Task goal ▸ Without including any pictures, give back all of the data exactly.

___ Materials provided

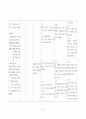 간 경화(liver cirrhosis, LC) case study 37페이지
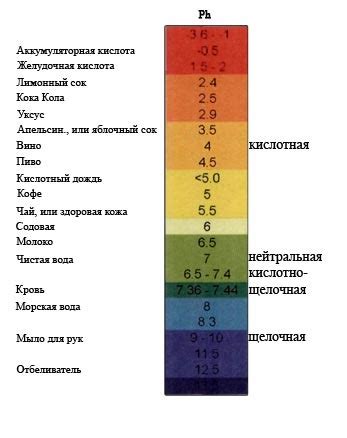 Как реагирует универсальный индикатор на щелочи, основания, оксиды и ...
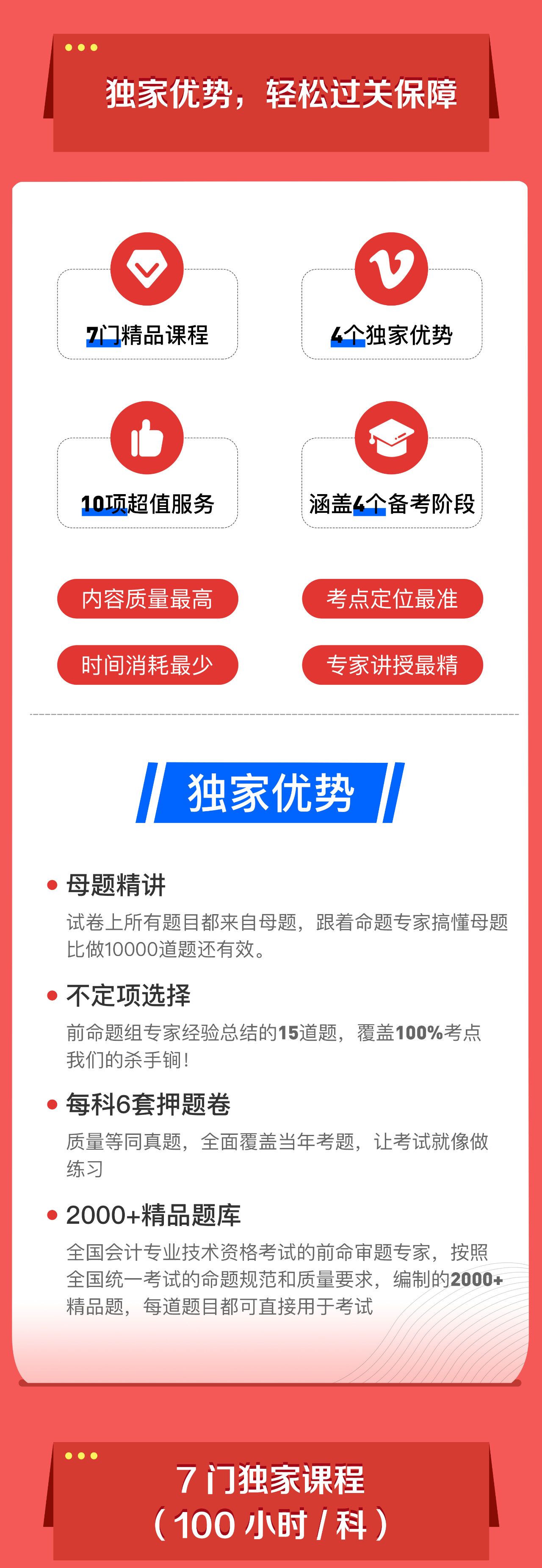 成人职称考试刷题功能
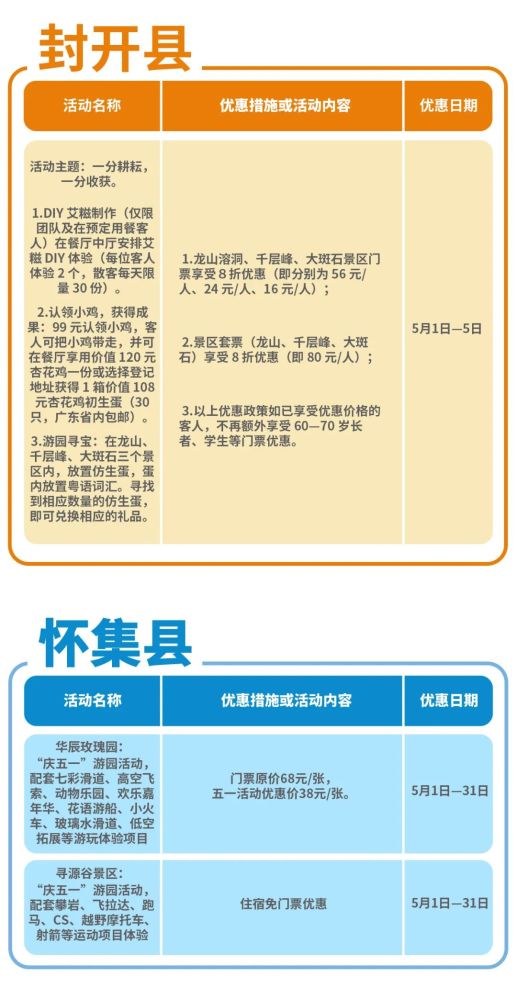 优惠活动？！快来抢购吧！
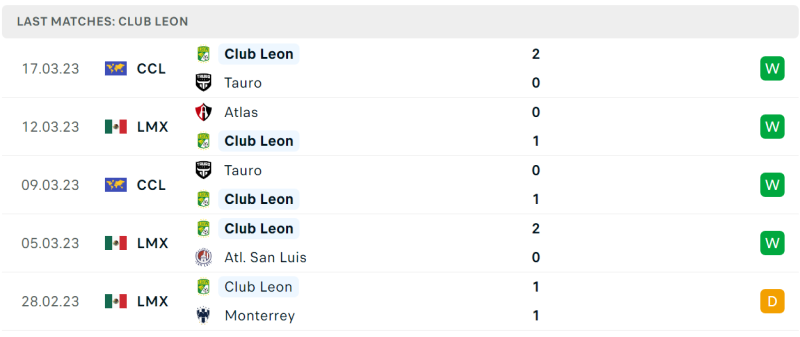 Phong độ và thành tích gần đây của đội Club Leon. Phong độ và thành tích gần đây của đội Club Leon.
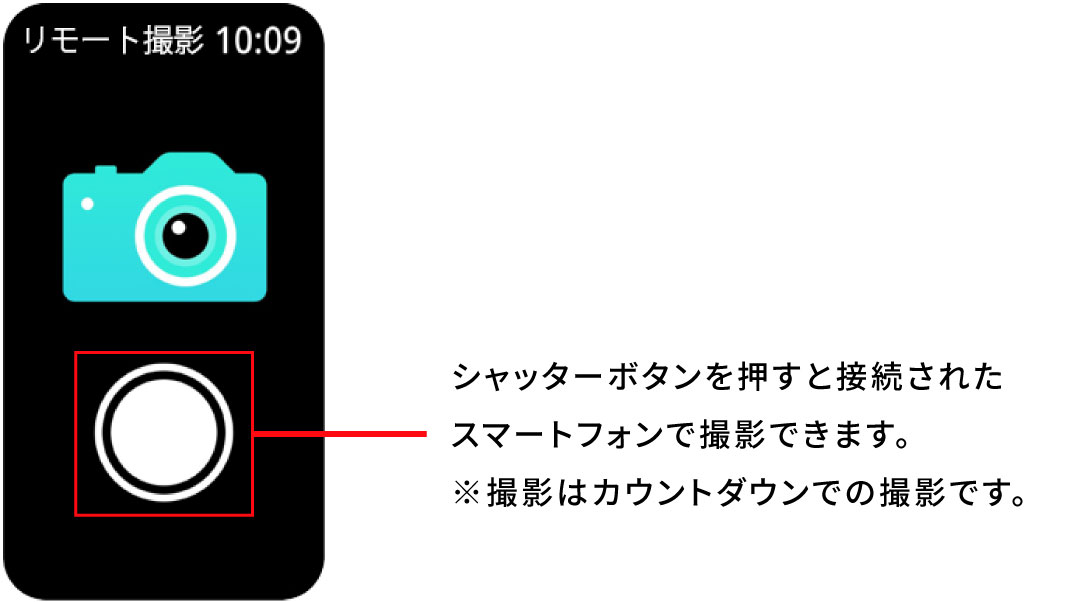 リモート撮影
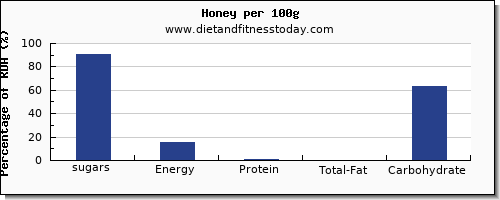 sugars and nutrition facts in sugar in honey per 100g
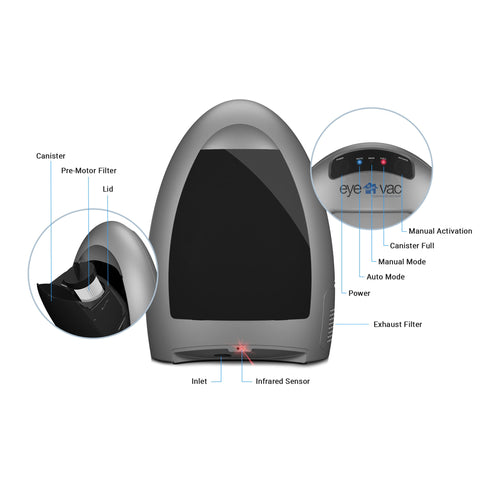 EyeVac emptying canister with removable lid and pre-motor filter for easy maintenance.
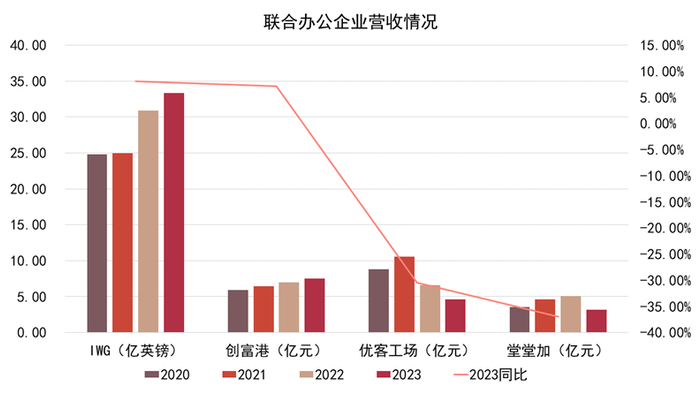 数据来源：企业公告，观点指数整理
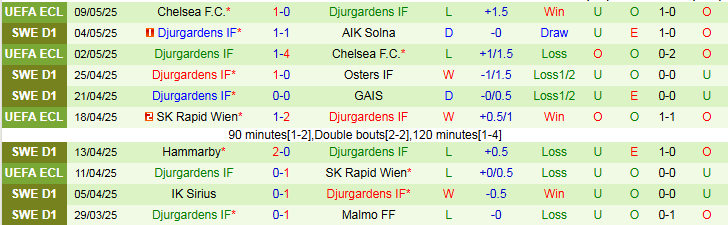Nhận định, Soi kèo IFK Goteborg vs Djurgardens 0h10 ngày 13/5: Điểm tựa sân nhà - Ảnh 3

______

Result below ▸
 간 경화(liver cirrhosis, LC) case study 37페이지
 Как реагирует универсальный индикатор на щелочи, основания, оксиды и ...
 成人职称考试刷题功能
 优惠活动？！快来抢购吧！
 Phong độ và thành tích gần đây của đội Club Leon. Phong độ và thành tích gần đây của đội Club Leon.
 リモート撮影
 sugars and nutrition facts in sugar in honey per 100g
 EyeVac emptying canister with removable lid and pre-motor filter for easy maintenance.
 数据来源：企业公告，观点指数整理
Nhận định, Soi kèo IFK Goteborg vs Djurgardens 0h10 ngày 13/5: Điểm tựa sân nhà - Ảnh 3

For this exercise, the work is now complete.